Sensorimotor Control of Movement and Posture, Softcover reprint of the original 1st ed. 2002 Advances in Experimental Medicine and Biology Series, Vol. 508

This collection of contributions on the subject of the neural mechanisms of sensorimotor control resulted from a conference held in Cairns, Australia, September 3-6, 2001. While the three of us were attending the International Union of Physiological Sciences (IUPS) Congress in St Petersburg, Russia, in 1997, we discussed the implications of the next Congress being awarded to New Zealand. We agreed to organise a satellite to this congress in an area of mutual interest -the neuroscience of movement and sensation. Australia has a long-standing and enviable reputation in the field of neural mechanisms of sensorimotor control. Arguably this reached its peak with the award of a Nobel Prize to Sir John Eccles in 1963 for his work on synaptic transmission in the central nervous system.
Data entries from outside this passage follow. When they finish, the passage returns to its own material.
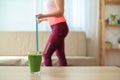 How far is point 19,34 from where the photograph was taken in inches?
143

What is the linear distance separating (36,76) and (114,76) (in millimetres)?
408

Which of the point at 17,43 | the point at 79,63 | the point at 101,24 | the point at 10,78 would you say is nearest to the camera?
the point at 10,78

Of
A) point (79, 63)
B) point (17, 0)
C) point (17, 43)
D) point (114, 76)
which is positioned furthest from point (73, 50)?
point (114, 76)

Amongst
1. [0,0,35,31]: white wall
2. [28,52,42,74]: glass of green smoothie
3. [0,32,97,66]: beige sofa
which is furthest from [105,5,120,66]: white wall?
[28,52,42,74]: glass of green smoothie

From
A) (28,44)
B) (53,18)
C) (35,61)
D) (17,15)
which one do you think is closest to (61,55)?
(53,18)

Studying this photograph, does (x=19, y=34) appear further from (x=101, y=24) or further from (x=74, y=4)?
(x=101, y=24)

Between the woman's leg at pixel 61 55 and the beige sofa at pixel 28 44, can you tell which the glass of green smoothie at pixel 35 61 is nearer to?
the woman's leg at pixel 61 55

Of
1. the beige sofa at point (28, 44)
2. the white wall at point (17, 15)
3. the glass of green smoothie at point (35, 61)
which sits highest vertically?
the white wall at point (17, 15)

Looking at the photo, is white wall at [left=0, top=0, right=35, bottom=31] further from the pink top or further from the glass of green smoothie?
the glass of green smoothie

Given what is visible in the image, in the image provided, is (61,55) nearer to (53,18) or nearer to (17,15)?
(53,18)

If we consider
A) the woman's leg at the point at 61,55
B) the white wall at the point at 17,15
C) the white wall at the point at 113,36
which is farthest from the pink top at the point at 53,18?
the white wall at the point at 113,36

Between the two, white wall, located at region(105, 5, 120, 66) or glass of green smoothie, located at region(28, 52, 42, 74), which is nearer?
glass of green smoothie, located at region(28, 52, 42, 74)

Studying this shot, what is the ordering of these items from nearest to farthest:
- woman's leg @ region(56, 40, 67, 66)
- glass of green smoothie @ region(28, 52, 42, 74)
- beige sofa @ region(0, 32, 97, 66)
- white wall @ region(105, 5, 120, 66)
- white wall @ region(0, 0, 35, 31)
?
glass of green smoothie @ region(28, 52, 42, 74)
woman's leg @ region(56, 40, 67, 66)
beige sofa @ region(0, 32, 97, 66)
white wall @ region(0, 0, 35, 31)
white wall @ region(105, 5, 120, 66)

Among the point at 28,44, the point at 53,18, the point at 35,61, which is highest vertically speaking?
the point at 53,18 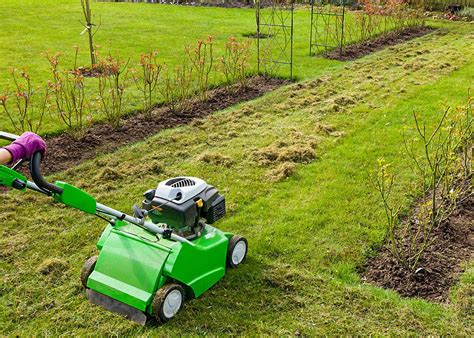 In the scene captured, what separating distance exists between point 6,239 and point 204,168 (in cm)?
238

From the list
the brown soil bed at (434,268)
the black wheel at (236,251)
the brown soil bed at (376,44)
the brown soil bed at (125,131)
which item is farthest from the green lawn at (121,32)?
the brown soil bed at (434,268)

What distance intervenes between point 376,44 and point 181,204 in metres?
11.6

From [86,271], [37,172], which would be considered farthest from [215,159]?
[37,172]

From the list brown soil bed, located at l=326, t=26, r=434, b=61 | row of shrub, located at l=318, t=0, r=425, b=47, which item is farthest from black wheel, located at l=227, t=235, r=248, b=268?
row of shrub, located at l=318, t=0, r=425, b=47

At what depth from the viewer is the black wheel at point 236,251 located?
14.0 ft

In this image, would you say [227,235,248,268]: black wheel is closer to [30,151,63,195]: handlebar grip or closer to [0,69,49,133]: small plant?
[30,151,63,195]: handlebar grip

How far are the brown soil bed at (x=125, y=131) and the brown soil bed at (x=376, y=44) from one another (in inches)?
160

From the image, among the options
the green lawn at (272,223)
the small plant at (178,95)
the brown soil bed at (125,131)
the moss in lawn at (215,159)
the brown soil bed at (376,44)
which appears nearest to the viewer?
the green lawn at (272,223)

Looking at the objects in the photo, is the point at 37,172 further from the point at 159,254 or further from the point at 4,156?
the point at 159,254

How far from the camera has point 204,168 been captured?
636 centimetres

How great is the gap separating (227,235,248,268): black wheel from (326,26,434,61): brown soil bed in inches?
355

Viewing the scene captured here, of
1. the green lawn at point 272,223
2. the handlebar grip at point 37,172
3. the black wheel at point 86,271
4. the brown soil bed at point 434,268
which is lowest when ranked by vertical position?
the brown soil bed at point 434,268

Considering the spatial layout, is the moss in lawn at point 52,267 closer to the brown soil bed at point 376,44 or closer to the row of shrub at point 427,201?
the row of shrub at point 427,201

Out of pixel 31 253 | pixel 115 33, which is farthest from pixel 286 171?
pixel 115 33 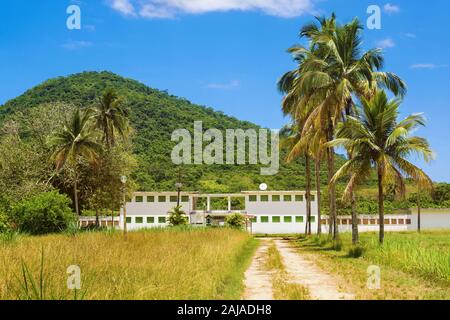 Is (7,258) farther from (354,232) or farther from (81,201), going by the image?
(81,201)

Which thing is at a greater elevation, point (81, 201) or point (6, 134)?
point (6, 134)

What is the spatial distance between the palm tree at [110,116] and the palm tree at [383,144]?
2893 centimetres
Since that time, the subject of neuroscience has progressed considerably. One advance is the exploitation of knowledge acquired from animal experiments to studies on conscious human subjects. In this development, Australians have achieved international prominence, particularly in the areas of kinaesthesia and movement control. This bias is evident in the choice of subject matter for the conference and, subsequently, this book. It was also decided to assign a whole section to muscle mechanics, a subject that is often left out altogether from conferences on motor control. Cairns is a lovely city and September is a good time to visit it.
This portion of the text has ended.